Before I knew it it was time to pick Alec up from school. On the way to get him, I think I figured out what I was really thinking when I made the initial Facebook post that got me onto this whole train of thought. I was thinking that I had a wonderful time on New Year's Eve day with Chad & the boys. We played at the Whitaker Center for a while before heading over to see some children's theatre and a kid's countdown to noon, and we ended the day with a trip to Christmas Candylane at Hersheypark. And while I had a blast watching Chase play in the water table at Whitaker and watching Alec on all the rides at Hersheypark, I also had a blast at Panera Bread sipping my coffee and reading my magazine (even if I barely made it past the table of contents because I really spent all my "me" time thinking about the kids!). So a great start to the New Year was actually spending some quality time with my family, while also escaping for some non-mommy time. Now if only that would have fit into a Facebook status!

Monday, January 3, 2011

Liar Liar Part 2: The Disappearing Biffy

A few months ago I wrote about Alec's addiction to his pacifier (or his biffy as we called it) and my dilemma of how to get rid of it (http://mommys-always-write.blogspot.com/2010/10/liar-liar.html). I am happy to report that we are now a biffy-free house!

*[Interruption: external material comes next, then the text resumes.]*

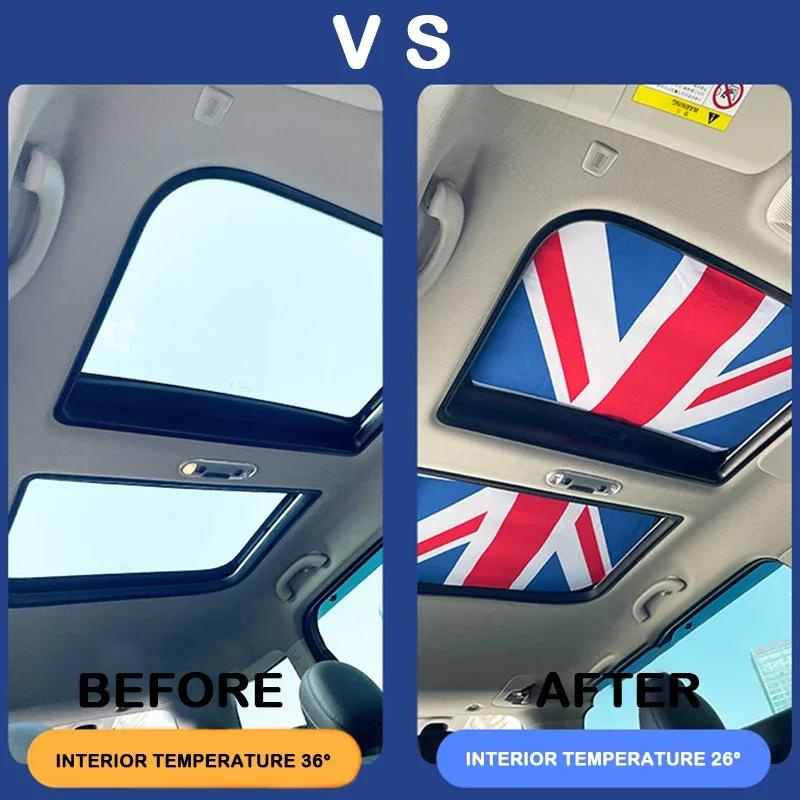 BGC1 Sunroof Shade Sunshade Heat Isolate For Mini Cooper F55 F56 F57 F60 R60 R61 R50 R52 R53 R60 R55 R57 R58 R59 F54 Clubman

Are you ready to hear my secret that worked like a charm? I simply didn't give it to him at night. I didn't say a word about it, and neither did he. Yes, it really was that easy. All the plotting and planning and scheming was pretty much for nothing. I didn't need to lie; I didn't need to hold him down while he kicked and screamed for his biffy; I didn't need to make him exchange it for a toy that I probably would have gotten him anyway; I wasn't up multiple times overnight to serve as his replacement comfort item. Now I'm wondering how long ago I could have done this!

After the first biffy-free night, I thought for sure it was a fluke. I just waited for him to ask for it the second night. But he didn't say a word about it on the second night...or the third...or the fourth... It's been over a month now, and he hasn't asked for it once. It honestly amazed me how easy it was.

I guess I really shouldn't be that amazed. This isn't the first time he has surprised me with how easily he adapts to what I consider to be a major change. When he turned two last January, we moved him into a new room so that we could use the nursery for Chase. Not only did we move him to a new room, but we moved him from his crib into a double bed. Chase wasn't due until April, and we wouldn't need the nursery right away since we would use the bassinet in our bedroom for the first few months. But thinking that our little creature of habit wouldn't handle this change well, we decided to move him in in January so that we had a few months buffer for what we were sure would be a failure at first. We were convinced that Alec would take one look at his new room and bed and have a meltdown on the spot. But again he amazed us. He was thrilled with his new Thomas-themed room. He climbed right into his bed that first night and slept in it like he had been sleeping there his whole life, never even asking about his crib. Now, almost a year later, he just views the nursery as Chase's room.

There have also been other situations that Alec handled much better than I expected: the start of preschool, the transition out of his high chair, and most recently the change to a new car seat. Maybe this little creature of habit isn't as dependent on his routine as I once thought. Or, more likely, he's just growing up. It kind of makes me wonder what else he is ready for!